Un accord commercial avec l’Australie ne doit pas se faire aux dépens des éleveurs britanniques, a laissé entendre le mardi 18 mai 2021 sur Sky News George Eustice, le ministre britannique de l’Environnement et de l’Agriculture, laissant entrevoir des divisions au sein du gouvernement sur cette négociation : « Il y a consensus clair sur le fait que nous voulons avoir un accord commercial avec des pays comme l’Australie, mais évidemment assorti de bonnes conditions », selon lui, ajoutant qu’un « équilibre doit être trouvé » entre le libre-échange et la protection de secteurs comme l’agriculture.

Deux camps au sein du gouvernement

Le quotidien Financial Times révèle de son côté l’existence de deux lignes qui s’opposent au sein du gouvernement, sans que le Premier ministre Boris Johnson n’ait encore tranché.

D’un côté, la ministre du Commerce international Liz Truss et le ministre des relations avec l’Union européenne David Frost défendent un accord sans droit de douane avec l’Australie, qui serait très avantageux pour les producteurs de bœuf et agneau australiens, plus industrialisés.

De l’autre, George Eustice et le ministre d’État, Michael Gove, craignent que les agriculteurs britanniques en fassent les frais, comme a déjà mis en garde le syndical agricole NFU (National Farmers’ Union).

La réaction du syndicat agricole

Cette opposition illustre les tensions entre les conséquences du Brexit, ou le projet « Global Britain » de négocier des accords commerciaux dans le monde, et la préservation de certains secteurs d’activité ou normes sanitaires et environnementales. « Nous devons nous assurer que les concessions concernant notre marché intérieur ne doivent pas être attribuées trop facilement », a déclaré Minette Batters, présidente de la NFU.

« Il y a un vrai risque que l’agriculture britannique souffre de dégâts irréversibles plutôt que de prospérer comme nous le voulons, au détriment de notre environnement, notre sécurité alimentaire et notre ruralité », selon elle.

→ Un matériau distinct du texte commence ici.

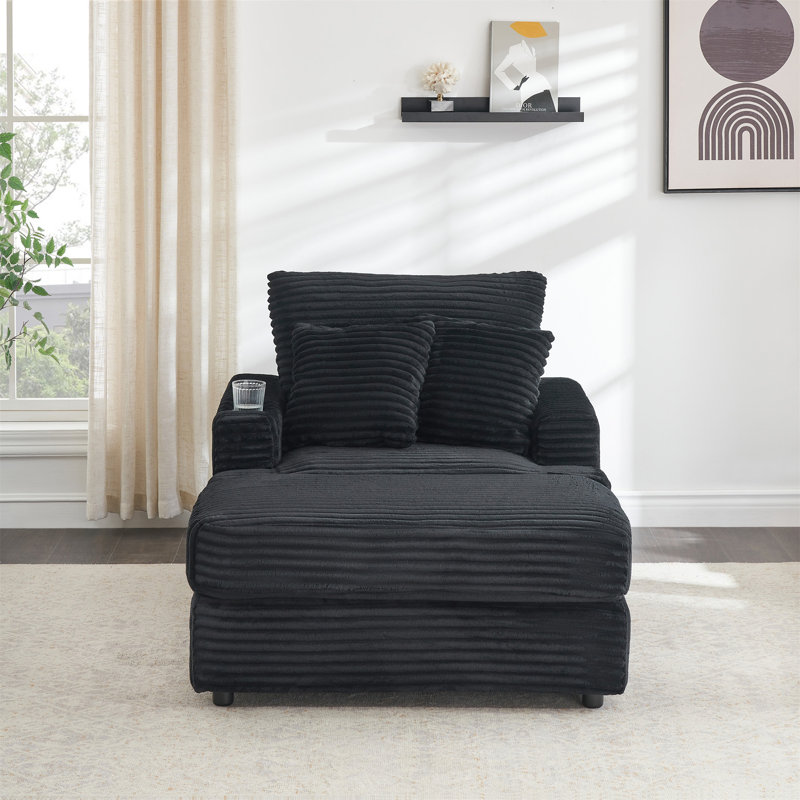 Ensemble de fauteuil et repose-pieds rembourrés de 39 pouces avec porte-gobelet pour un confort et une commodité ultimes.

L’Australie, premier accord post-Brexit

L’accord avec l’Australie, que Liz Truss espère conclure avant le G7 de la mi-juin 2021 en Cornouailles, serait le premier à ne pas être simplement un renouvellement ou une adaptation des accords qui existent entre l’Union européenne et d’autres pays. Le Royaume-Uni a déjà obtenu des accords avec l’Europe et le Japon, et le pays est en discussion, en dehors de l’Australie, avec les États-Unis, l’Inde et la Nouvelle-Zélande. Des négociations vont débuter avec le Canada et le Mexique.

L’écueil agricole avec les États-Unis

Les questions agricoles pourraient d’ailleurs être épineuses dans les discussions avec les États-Unis, puisque le Royaume-Uni pourrait devoir accepter d’importer des produits comme le poulet lavé au chlore ou le bœuf aux hormones, aux normes bien moins strictes que celles de l’Union européenne.